そして迎えたジュニアオリンピック本番。1回目でいきなり5メートル73センチの好記録をマークすると、6回目には5メートル97センチの大会新記録。他を寄せ付けない記録で優勝した。
「助走のタイミングが合ってきて、記録も伸びた。次の全中で優勝したい」と、さらなる記録更新を目指し、練習に励んでいる。
■オリンピアンの祖母
幼少時から才能を開花させた吉岡さんを支えるのが、陸上一家の家族だ。父、藍一さんと母、明子さん(45)は大学時代に高跳び選手として活躍。祖母の内藤充子さん(72)は1964(昭和39)年の東京五輪に、走り高跳びの選手として出場した。
2020年に開催される東京五輪の年には、吉岡さんも19歳になる。学校の社会科の教科書には、かつての東京五輪で選手団が行進する写真も掲載されており、あこがれの舞台に出場した祖母を「どこを行進していたの」「どんな雰囲気だった?」と質問攻めにしたが、にこにこと笑う祖母の答えはいつも、「忘れちゃった」と曖昧だ。

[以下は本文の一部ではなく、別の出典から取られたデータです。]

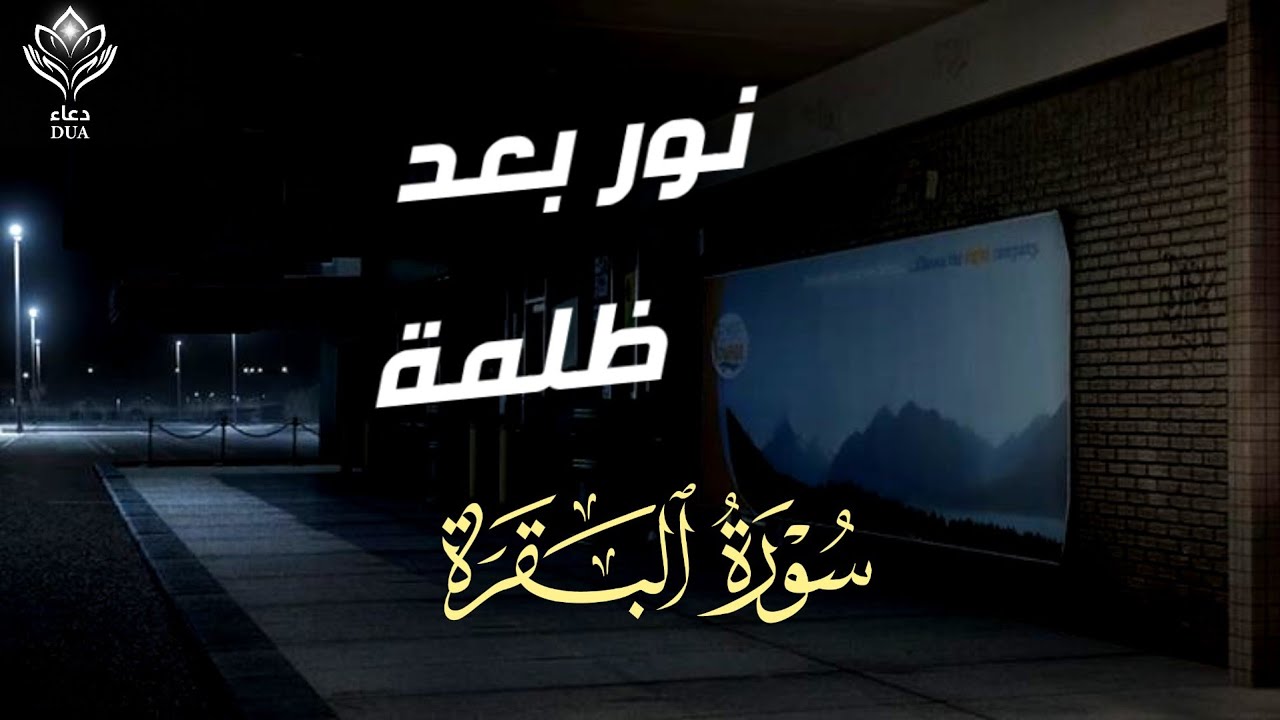 سورة البقرة (كاملة) للشيخ محمد الفقيه لحفظ وتحصين المنزل وجلب الرزق البركة تلاوة رائعة Sourah Baqara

「おばあちゃんと同じ舞台に立つためにも、今年は6メートル19センチの日本中学記録を破りたい」と、夢に向けた目標も設定した吉岡さん。中学最後となる今夏、さらなる飛躍を目指す。(神田啓晴)
【関連記事】
【月刊ならスポ】究極のロープスポーツ「ダブルダッチ」、世界制覇の女子中生4人
1400人がトラック、フィールド駆け巡る 中学学年別陸上開かれる
【月刊ならスポ】「結果出せた。将来は欧州へ」、奈良北高自転車部主将・吉岡さん
ホテル計画に意欲、ラグビーW杯・東京五輪キャンプ地に名乗りも 3選の森下橿原市長
(関西のニュースは産経WEST http://www.sankei.com/west/west.html)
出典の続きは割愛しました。